Perburuan paus di Jepang hanya melibatkan beberapa ratus orang dan menyumbang kurang dari 0,1 persen dari total konsumsi daging pada tahun fiskal 2017. Pada puncaknya, Jepang pernah menangkap 1.200 paus tetapi secara drastis telah mengurangi tangkapannya dalam beberapa tahun terakhir setelah protes internasional meningkat dan konsumsi daging paus menurun. Saat ini, sekitar 4.000-5.000 ton daging paus dipasok ke Jepang setiap tahun, atau 30-40 gram daging ikan paus yang dikonsumsi per orang per tahun. 

Para pecinta lingkungan di dunia mengecam perburuan paus di Jepang mendesak para pemimpin global dalam Konferensi Tingkat Tinggi (KTT) G-20 tidak menutup mata terhadap perburuan ikan paus.

"Pemerintah Jepang dengan bangga memfasilitasi kerja sama internasional dengan menjadi tuan rumah pertemuan G-20, di sisi lain (Jepang) diam-diam melepaskan diri dari kewajiban untuk kolaborasi global tentang perlindungan dan pengelolaan paus dunia," ujar Presiden dari Humane Society International, Kitty Block, Jumat (28/6) lalu. 

"Jepang meninggalkan IWC dan menentang hukum internasional untuk mengejar ambisi perburuan paus komersialnya," kata Block menambahkan. 

Block menyerukan agar perburuan ikan paus dapat menjadi salah satu topik yang dibahas pada pertemuan KTT G-20 di Osaka. Para aktivis lingkungan telah mengirimkan surat kepada para pemimpin G-20 dan mendesak mereka untuk mendorong Jepang agar mengakhiri perburuan ikan paus komersial. 

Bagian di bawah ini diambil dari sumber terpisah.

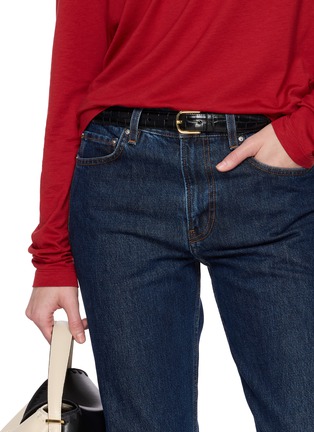 模特儿示范图 - 点击放大 - TOTEME - 金属扣鳄鱼纹皮带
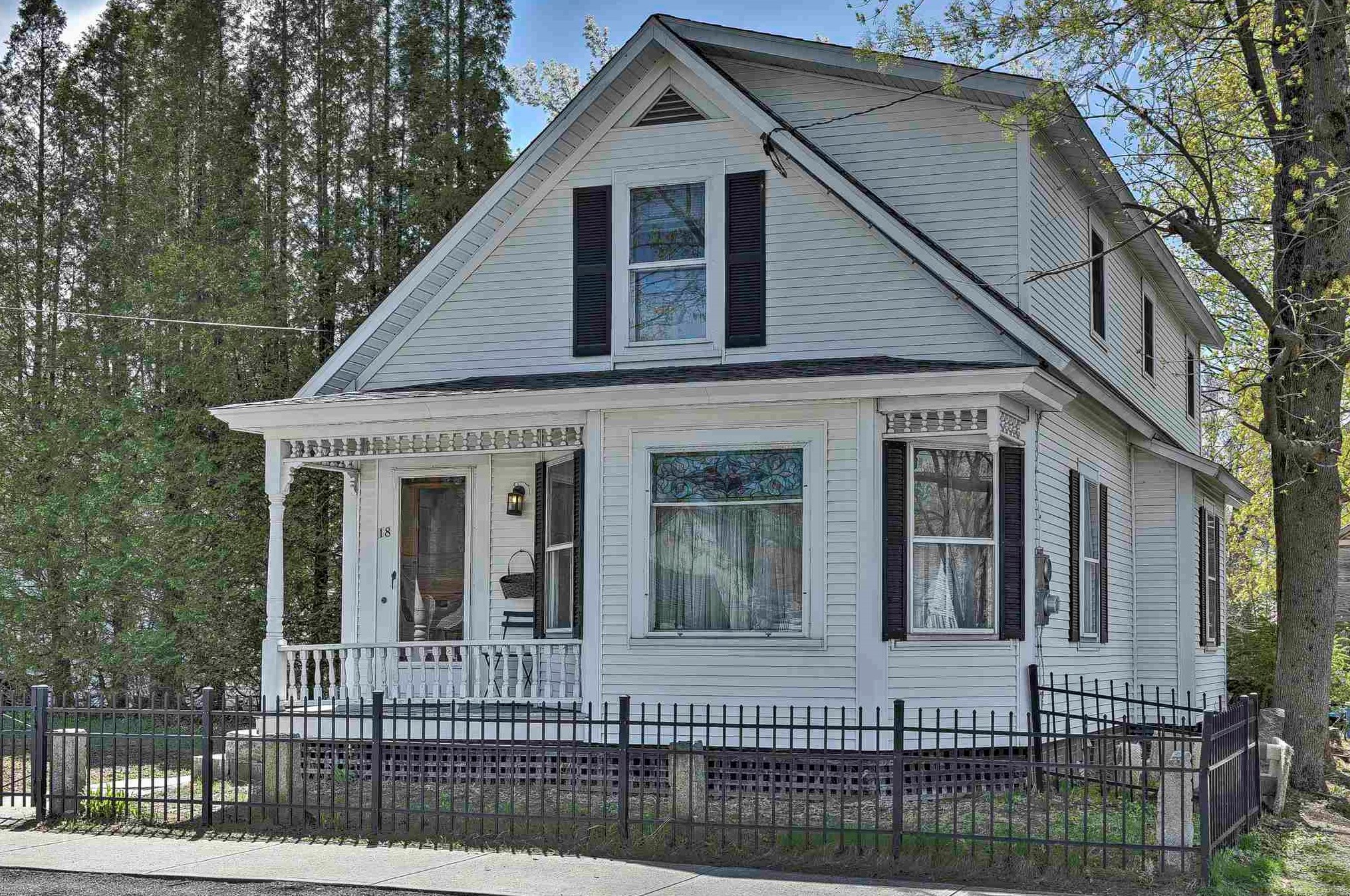 18 High St, Keene, NH 03431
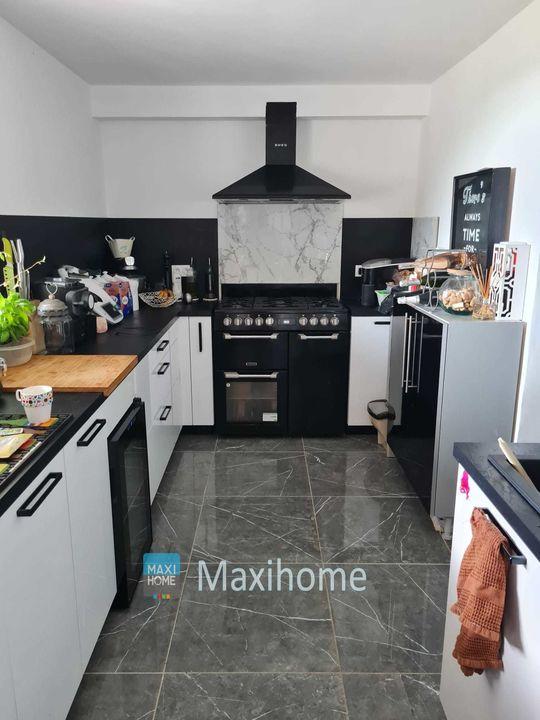 Villa - 262 m² - 9 pièces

Pejabat Badan Perikanan dan Ketua Negosiator di IWC, Hideki Moronuki mengatakan, perburuan paus komersial di Jepang tidak akan pernah membahayakan populasi paus tersebut. Moronuki mengatakan nasib perburuan paus komersil tergantung pada apakah daging paus diterima secara luas oleh konsumen. Dia berharap daging ikan paus akan dijual harga yang wajar sehingga mendapatkan popularitas dalam jangka panjang, dan bukan menjadi makanan mahal bagi pelanggan terbatas. Pemerintah biasanya menjual satu porsi daging ikan paus yang ditangkap dalam program ilmiah untuk program makan siang sekolah dengan harga diskon. 

"Masa depan perburuan paus komersil tergantung pada seberapa populernya daging paus. Daging ikan paus adalah makanan tradisional di Jepang dan saya ingin banyak orang mencoba dan mengembangkan rasa untuknya, terutama orang yang lebih muda," ujar Moronuki.

Sebuah survei pada 2017 oleh Japan Whaling Association menunjukkan sekitar 64 persen responden dari usia remaja hingga 50-an mengatakan, mereka pernah mengkonsumsi daging ikan paus. Tetapi, kebanyakan dari mereka mengatakan mereka hanya makan sekali selama lebih dari lima tahun.

Direktur Dana Internasional untuk Kesejahteraan Hewan Patrick Ramage mengatakan, membangun rantai permintaan terhadap daging ikan paus membutuhkan waktu panjang. Menurutnya, dibukanya kembali perburuan paus di Jepang merupakan solusi win-win untuk menghasilkan situasi yang lebih baik bagi ikan paus.

"Apa yang kita lihat adalah awal dari akhir perburuan paus Jepang. Ini adalah solusi win-win yang menghasilkan situasi yang lebih baik untuk paus, situasi yang lebih baik untuk Jepang, situasi yang lebih baik untuk upaya konservasi laut internasional," ujar Ramage. 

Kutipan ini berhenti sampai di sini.